All lines below must be repeated exactly, with the pictures omitted.

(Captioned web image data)
******
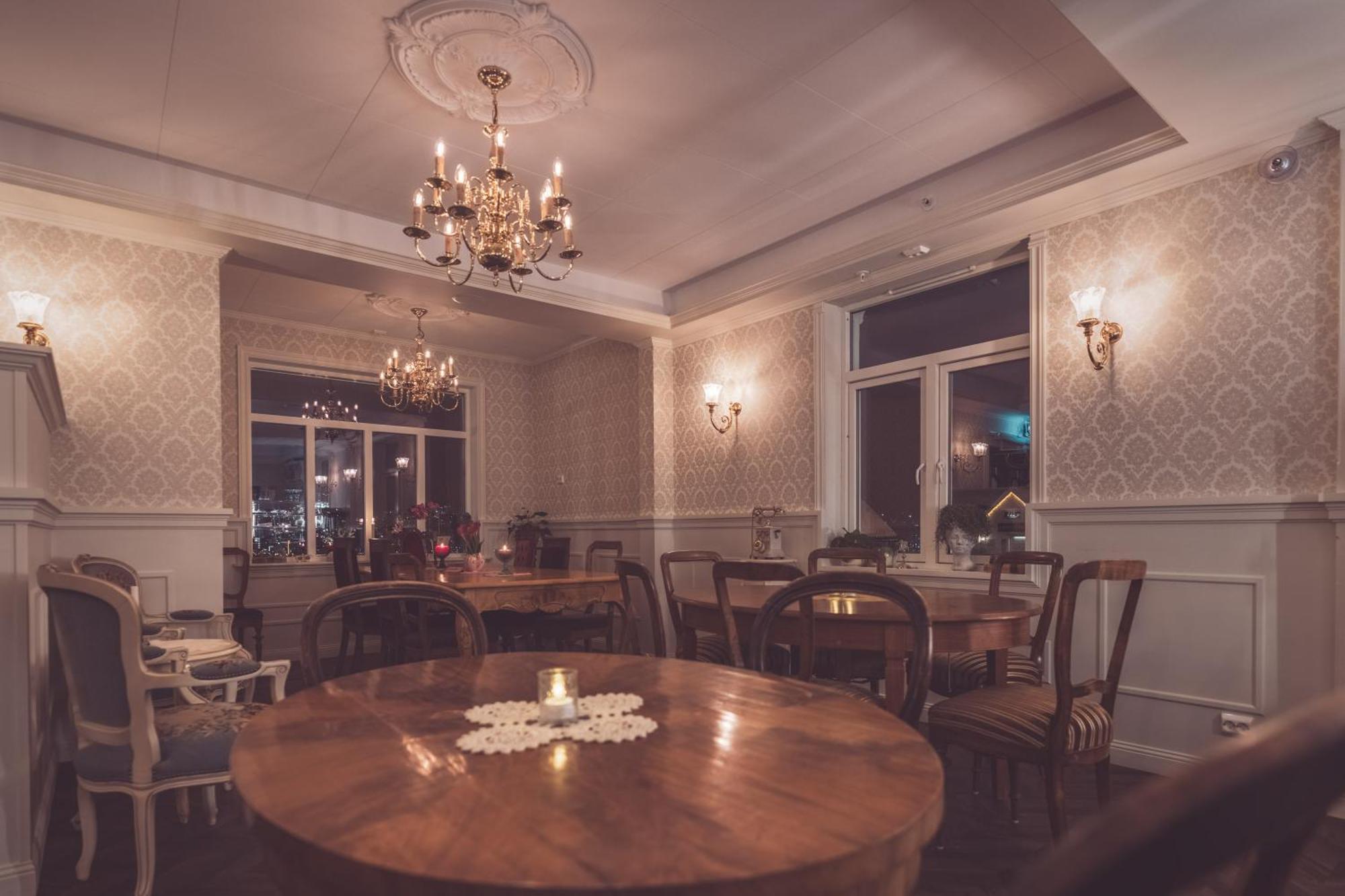 Villa Havblikk トロムソ エクステリア 写真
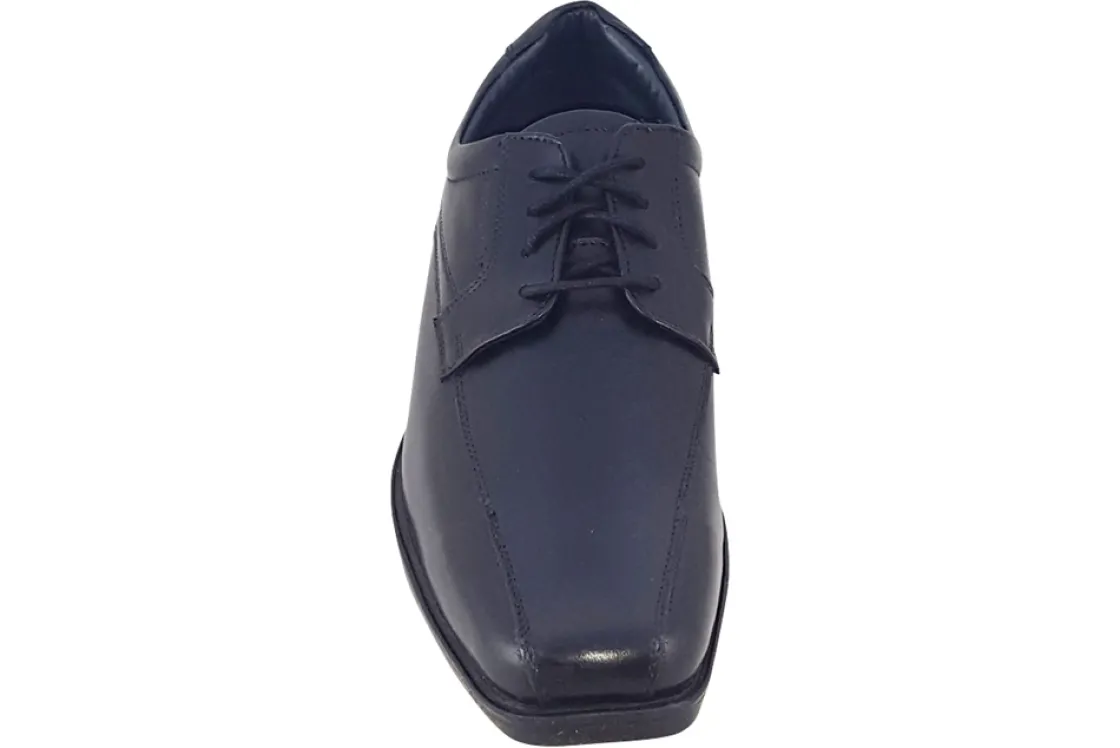 BOY Hush Puppies Mens Shoes | Senior Boys<Brandon Mens Leather Shoes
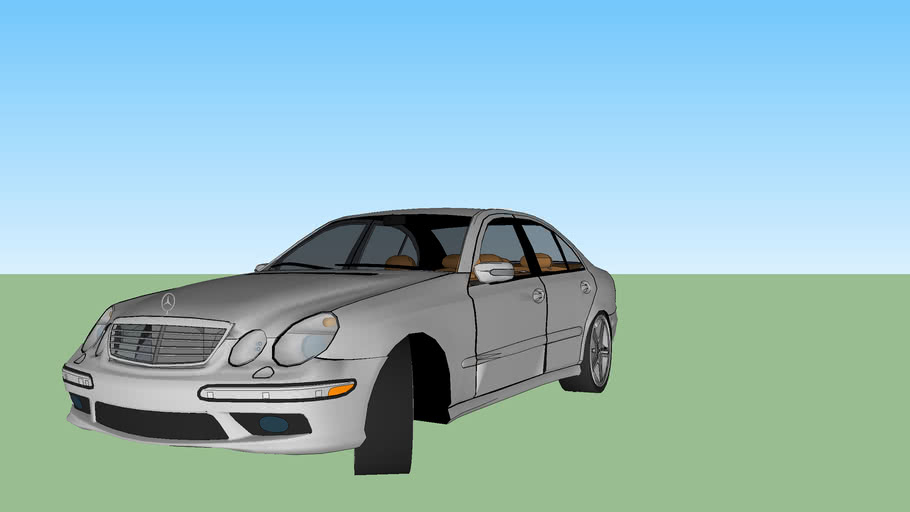 2008 Mercedes Benz E550 4MATIC UPDATED | 3D Warehouse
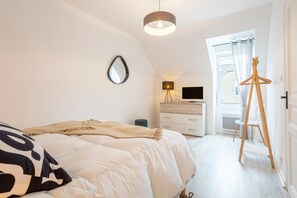 2 Schlafzimmer, Bettwäsche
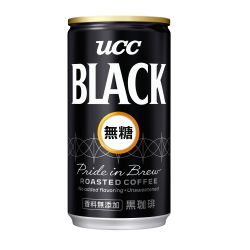 UCC BLACK無糖咖啡(185gx30入)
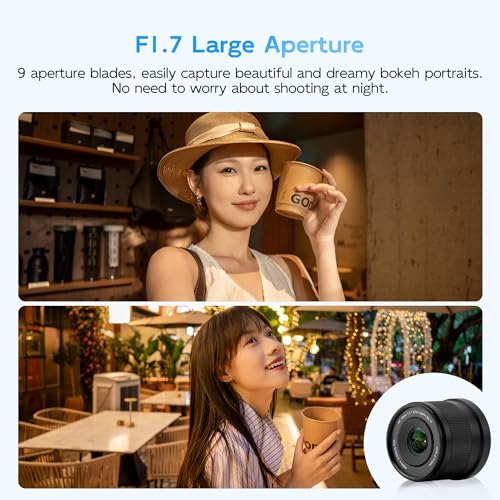 VILTROX عدسة VILTROX AF 15mm F1.7 E لكاميرات سوني، عدسة 15mm f/1.7 E Mount لكاميرات سوني E، عدسة رئيسية APS-C لكاميرات سوني a6400 a6500 a6600 ZV-E10 FX30 A6700 ZC-E10II a7Ⅲ a7RⅢ a7Ⅳ a7RⅣ - Image 3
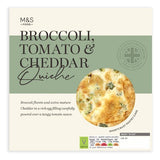 MS Broccoli Cheese Tomato Quiche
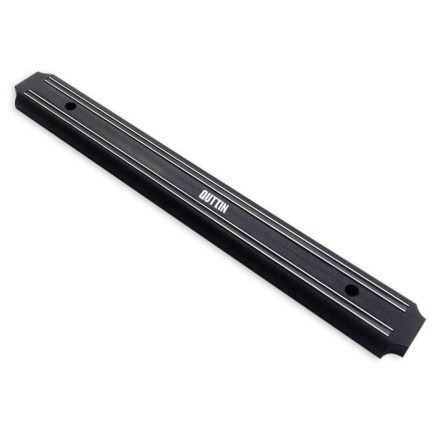 Mágneses késtartó 38x4,8 cm – rozsdamentes acél, falra szerelhető késtartó sín, modern és biztonságos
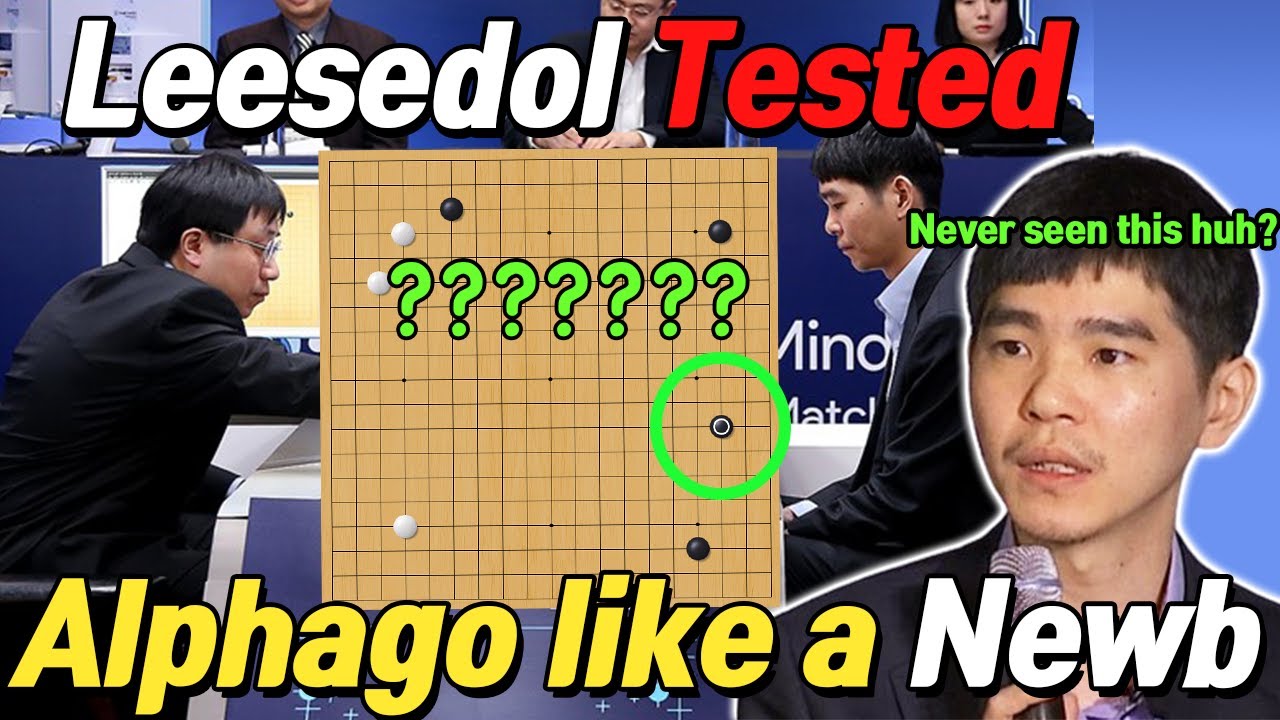 The meaning behind Lee Sedol’s bizarre move, confident of victoryㅣAlphago vs Lee-Sedol Game1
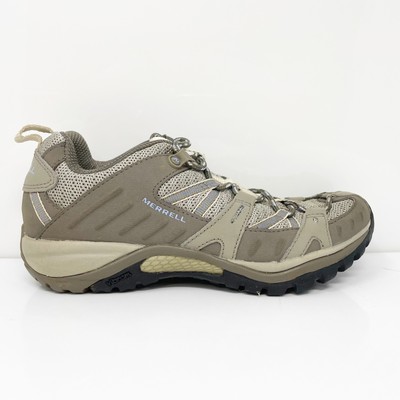 

Merrell Womens Siren Sport 2 J58284 Зеленые повседневные кроссовки, размер 7,5, Зеленый, Siren Sport 2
******
■ EXPECTED OUTPUT:
 Villa Havblikk トロムソ エクステリア 写真
 BOY Hush Puppies Mens Shoes | Senior Boys<Brandon Mens Leather Shoes
 2008 Mercedes Benz E550 4MATIC UPDATED | 3D Warehouse
 2 Schlafzimmer, Bettwäsche
 UCC BLACK無糖咖啡(185gx30入)
 VILTROX عدسة VILTROX AF 15mm F1.7 E لكاميرات سوني، عدسة 15mm f/1.7 E Mount لكاميرات سوني E، عدسة رئيسية APS-C لكاميرات سوني a6400 a6500 a6600 ZV-E10 FX30 A6700 ZC-E10II a7Ⅲ a7RⅢ a7Ⅳ a7RⅣ - Image 3
 MS Broccoli Cheese Tomato Quiche
 Mágneses késtartó 38x4,8 cm – rozsdamentes acél, falra szerelhető késtartó sín, modern és biztonságos
 The meaning behind Lee Sedol’s bizarre move, confident of victoryㅣAlphago vs Lee-Sedol Game1

Merrell Womens Siren Sport 2 J58284 Зеленые повседневные кроссовки, размер 7,5, Зеленый, Siren Sport 2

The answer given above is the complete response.